From the Washington Post:
Seventy-three years ago today, the first Social Security checks went out to beneficiaries. The anniversary comes at a difficult time for the program. It narrowly escaped a cut floated by the Obama administration in the fiscal cliff negotiations that would have reduced cost-of-living increases going forward. While it’s not in danger anytime soon, it does have a 75-year funding shortfall, one which has even advocates like Nobel laureate economist Peter Diamond calling for its finances to be shored up.
So the National Academy of Social Insurance hired the marketing firm Matthew Greenwald & Associates to conduct a survey of a random sample of Americans to see how they’d like to see that shortfall closed.

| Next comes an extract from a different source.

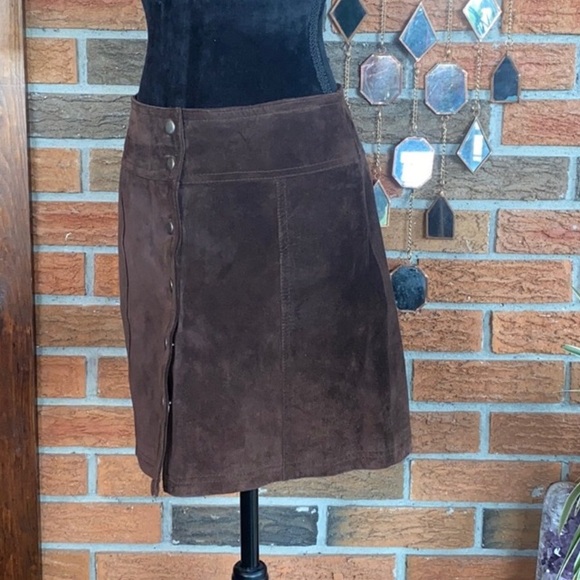GAP Brown Suede Mini Skirt - Picture 4 of 7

The survey used a technique called “trade-off analysis” to see which elements of a potential deal made respondents more or less likely to support it. So if a package with spending cuts and tax increases gets a certain amount of support, and a package with just tax increases gets another amount, you can then analyze those results to figure out the response to spending cut proposals. The survey also explained policies before asking for respondents’ opinions, to avoid getting responses that were basically arbitrary.
The survey found that most major benefit cuts — including chained CPI, means testing and raising the full retirement age to 70 — strongly decreased respondents’ likelihood of supporting a deal. By contrast, revenue-raisers, such as increasing the payroll tax rate oreliminating the cap, elicited strong support and made respondents significantly more likely to support a deal. More mild measures, like raising the payroll tax cap to include 90 percent of wages, and raising the retirement age to 68, elicited mild support. The only benefit changes that people really liked were benefit increases. The following chart shows what the raw numbers looked like.
It’s always dangerous to put too much faith in public opinion surveys that ask about specific policy questions, even ones like this that preface those questions with explanations of the policy being considered. People will say a lot of things if you just call them up and ask them. What’s more, it’s hard to get policies passed even with the support of the vast majority of the country when monied interests oppose them. As Martin Gilens has documented in his book Affluence and Influence, politicians act on the preferences of low- and middle-income people only very rarely, especially when their views are opposed to those of upper-income people. “Let’s raise taxes considerably on people making over $110,000″ — which is what raising the cap on Social Security amounts to — seems to fall in that camp. But the survey does serve as a useful indication of the public’s feelings on how best to solve the long-term funding gap.
One more thing — the study also asked people if they think Social Security is in crisis. Given politicians’ and journalists’ fear-mongering on the subject, it’s not too shocking that 57 percent said yes. Then the survey conductors told respondents how much taxes would have to go up to close the gap. That dropped the number to 74 percent, as the following chart shows.
That’s an important reminder of just how elite-driven peoples’ views on topics like this are.